Television can still move me deeply. But in the past year, the television producers who make it with me aren’t the guys in Hollywood or New York. It’s the guys in Seoul, South Korea.

I was surprised by my out-of-the-blue interest in Korea, which began while I watched the first episode of my first subtitled show. Internet video-streaming sites (including Netflix and Hulu) offer large libraries of these “K-dramas,” as English-speaking fans call them. And several million Americans are watching with me, though it’s hard to quantify the online viewership. One of the largest sites, New York-based Drama Fever, serves about six to seven million US viewers a month, of whom roughly 80% are native English speakers. That’s roughly the number of people who watched the penultimate episode of “Breaking Bad” in 2013. (Independent research firm comScore confirms the site’s audience is growing, but estimate the audience at a somewhat lower 3.4 million. For comparison, that’s roughly the average audience size for the first two seasons of Game of Thrones.) Most viewers are women, according to Drama Fever—and that’s about all we have in common.
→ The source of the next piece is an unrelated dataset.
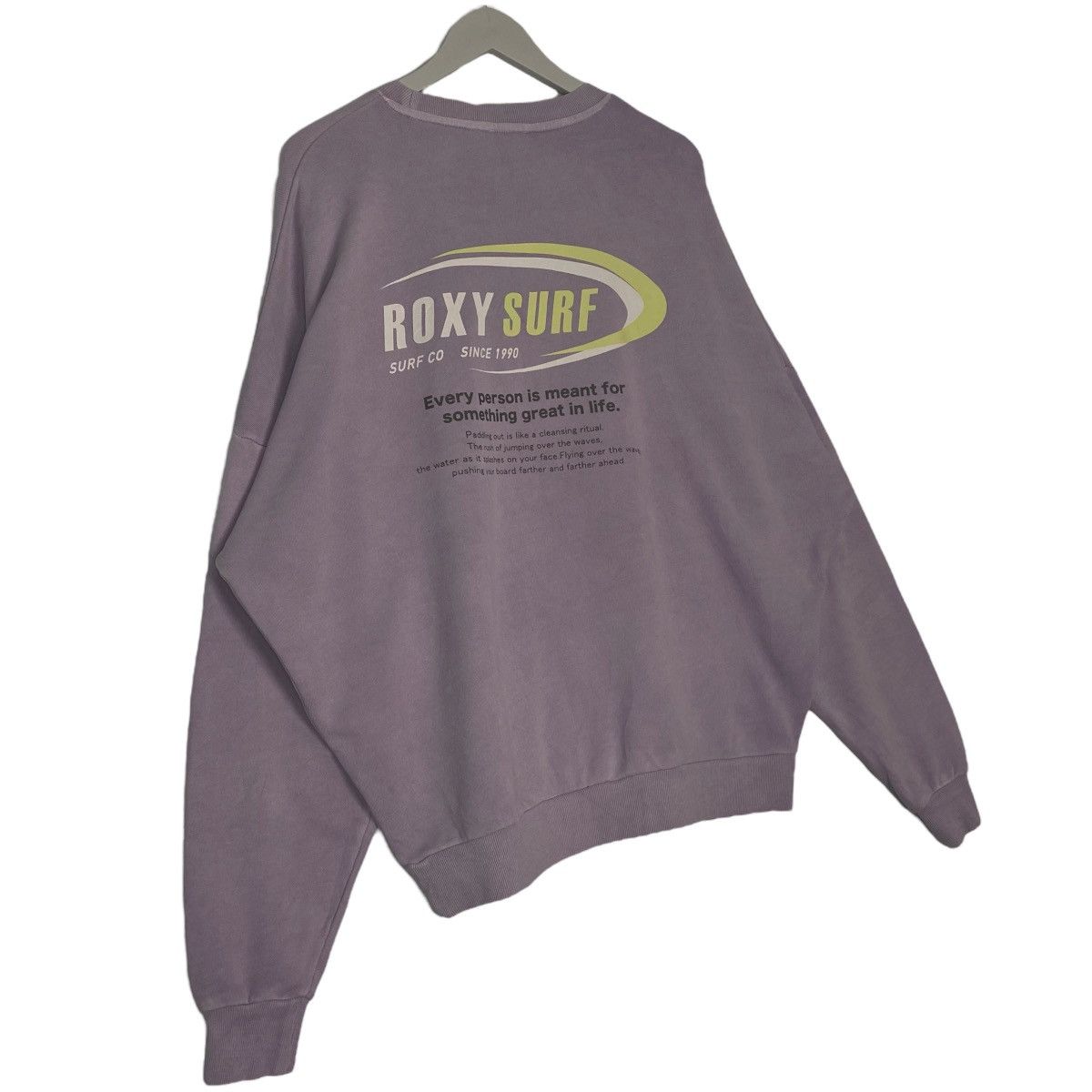 Vintage Vintage Roxy Surf Printed Crewneck Sweatshirt Purple Size XL Size XL / US 12-14 / IT 48-50 - 6 Thumbnail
The audience includes all races and a variety of tastes.

The Wall Street Journal reported on the rise of subtitled Asian shows this summer with a touch of horror, but there’s no reason to look down on Korean television. After years of government investment in the industry, their production values are excellent. Their aesthetic is different from ours, which can be jarring in mediocre shows, and they can be as corny as a Frank Capra film bathed in the collected tears of Steven Spielberg. But when the cream rises to the top, the best shows are suspenseful, funny and heartfelt. And even though I don’t speak Korean and I’ve never visited Asia, the cultural differences are minor next to the fact that I can relate to the characters in a way I haven’t related to anyone on American television since Dana Scully and Buffy Summers left the air.

One reason to watch Korean series is for three-dimensional female characters. K-dramas have their fair share of stock characters, Korean versions of season one Skylar, but they also have a good record of developing great roles for women. The characters popular with fans in recent years include an ambitious pastry chef, a tough cross-dressing tomboy, a scatter-brained spirit medium and a cynical defense attorney.
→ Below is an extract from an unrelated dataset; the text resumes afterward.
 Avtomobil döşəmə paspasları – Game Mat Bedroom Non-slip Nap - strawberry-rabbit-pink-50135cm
Another thing drawing some women may be that popular Korean series have a much lower body count than popular American shows—roughly one-eighth corpse per episode (my unofficial estimate), versus the US rate of nearly five corpses per episode (three if you omit cable). Korean characters tend to die of illness or in car crashes, while most fictional American corpses are the result of murder or zombie apocalypse. The numbers themselves are less important than the narrative style they suggest. American television producers have faith in stories about crime, politics and violence—and they do a good job with these subjects. But it’s increasingly hard to imagine an American drama that doesn’t have crime, politics or violence. In contrast, South Korea makes prime-time one-hour shows about families, growing up, romance, friendship—the good stuff in life. Some series are comedies, some are weepy melodramas, but most of them touch in some way on the human capacity for mixed emotions. Here in the U.S., shows about families and romance tend to be placed in the 22 minute format time-slot, which officially makes them “comedies” by Emmy standards, even when a show like “Nurse Jackie” challenges the drama-comedy distinction.
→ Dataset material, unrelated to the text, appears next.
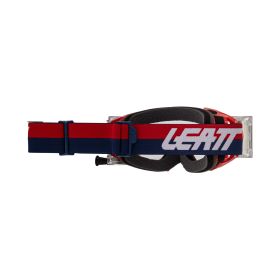 Masque cross LEATT Vizion 3.5 Roll-Off Royal rouge lentille claire 90%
It’s tempting to attribute Korea’s growing appeal to the declining number of female writers in American television. After all, 75% of American television pilots are developed by writing teams made up entirely of men, while the vast majority of writers for prime-time Korean series are female. Superstar writers like the Hong Sisters even become household names à la Aaron Sorkin. The worldwide hit romantic comedy “Coffee Prince” had a female director as well as writer. But this fact doesn’t explain much on its own. After all, it was male writer Joss Whedon who created a few of my favorite female television characters.

What distinguishes K-dramas isn’t their subject matter or the gender of their writers, but their tone—and it’s hard to ascribe a gender to tone. Korean series are less cynical. The heroes are idealists underneath their flaws. The anti-heroes aren’t quite as despicable. The loners aren’t quite as alone. These are all aspects of the central fact about K-dramas: they need to entertain a wide swath of the population to make money. The successful K-drama provides pleasure to as many people as possible—like American television did twenty years ago before DVRs and Netflix.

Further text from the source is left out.